You can modify all elements of a vector simultaneously by applying operations such as addition, subtraction, multiplication, and division.

# Add 1
myvector + 1
# Substracte 1
myvector -2
# Multiply by 10
myvector*10
# Divide by 5
myvector/5

2
101
4
5

-1
98
1
2

10
1000
30
40

0.2
20
0.6
0.8

You can also perform these operations between vectors:

myvector + (3*myvector)

4
400
12
16

Handy functions#

length: it yields the number of elements in the vector.

length(myvector)

4

lapply: It allows you apply a certain function to each element of a vector. It returns a list (see below).

# This applies a log function to each element of the vector
lapply(myvector, log)

0
4.60517018598809
1.09861228866811
1.38629436111989

sapply: The same as lapply, but it coerces the output to a vector.

# Same as above, but as a vector 
sapply(myvector, log)

0
4.60517018598809
1.09861228866811
1.38629436111989

# This is the same as using the log function
log(myvector)

0
4.60517018598809
1.09861228866811
1.38629436111989

Obviously, the above result could also be achieved by directly passing the vector to the log function, but lapply and sapply are especially useful for applying more complex functions. For example:

# Let's see the documentation of this function again
?sapply

sapply(c(1:length(myvector)), function(x) sqrt(x**2 + 1))

1.4142135623731
2.23606797749979
3.16227766016838
4.12310562561766

Matrix#

Matrices are essentially two-dimensional versions of vectors, with rows and columns. Like vectors, all elements in a matrix must be of the same data type.

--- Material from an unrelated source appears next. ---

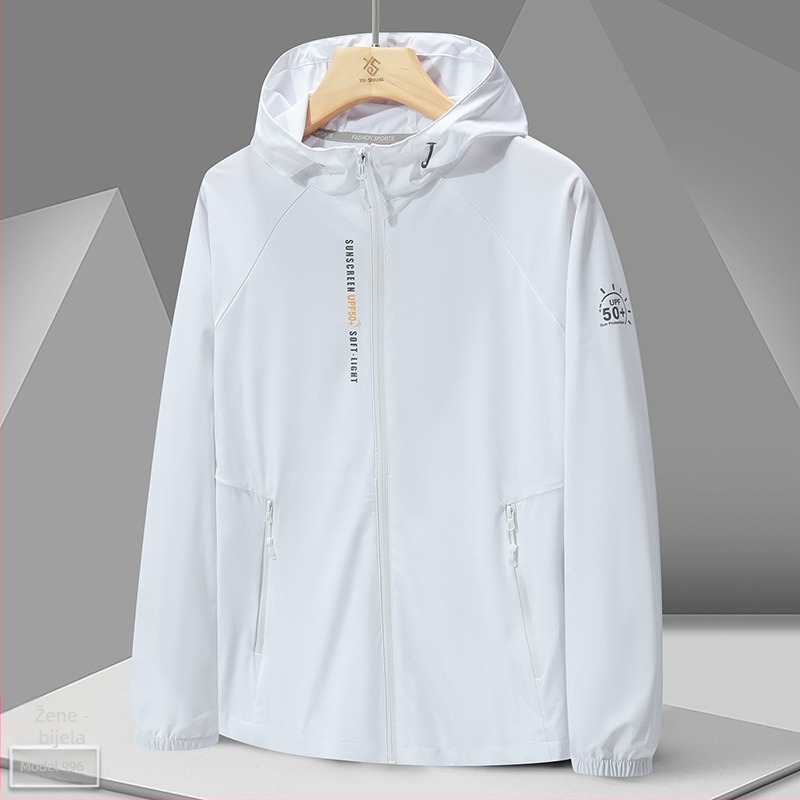 Vanjska windbreaker jakna 996 – unisex, UPF50+ UV zaštita, prozračna i ultralaka, kamuflažni uzorak s kapuljačom, poliester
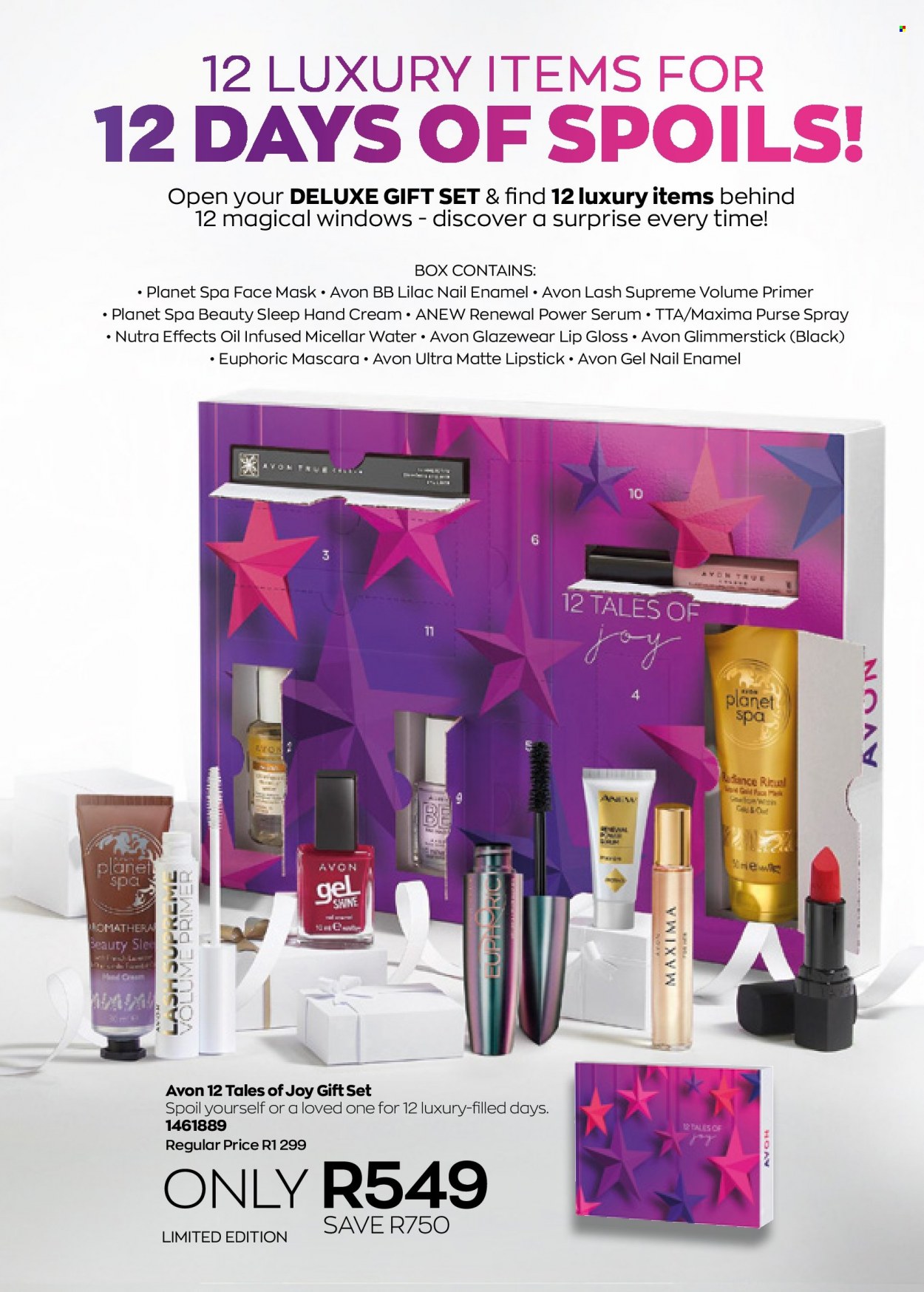 thumbnail - Avon catalogue  - 01/08/2022 - 31/08/2022 - Sales products - Planet Spa, Avon, Anew, micellar water, serum, face mask, Nutra Effects, hand cream, gift set, nail enamel, glimmerstick, lip gloss, lipstick, mascara. Page 3.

Most of the rules that apply to vectors also apply to matrices.

Initialization#

A matrix can be initialized with function matrix

# Arrange the above vector's 4 elements into a 2x2 matrix 
mymatrix<-matrix(myvector, nrow = 2, ncol=2)
mymatrix

A matrix: 2 × 2 of type dbl
1	3
100	4

Another way of creating a matrix is by converting data to a matrix using the the function as.matrix

as.matrix(myvector)

A matrix: 4 × 1 of type dbl
1
100
3
4

Some handy functions#

nrow: it gives the number of rows.
ncol: it gives the number of columns.
dim: it provides the number both the number or rows and columns.

nrow(mymatrix)
ncol(mymatrix)
dim(mymatrix)

2

2
2

dim(as.matrix(myvector))

4
1

Factors#

Factors are similar to vectors, but each value has a distinct label, making them useful for working with categorical data.

Initialization#

Factors are created using the factor() function.

# This is a group 
group.factor <- factor(c(1,1,1,2,2,2,3,3,3))
group.factor

1
1
1
2
2
2
3
3
3

Levels:

'1'
'2'
'3'

We could have also created this variable by coercing the given vector using the function as.factor

as.factor(c(1,1,1,2,2,2,3,3,3))

1
1
1
2
2
2
3
3
3

Levels:

'1'
'2'
'3'

Note: The labels are always characters, regardless of whether the underlying values are numeric, character, boolean, or another type.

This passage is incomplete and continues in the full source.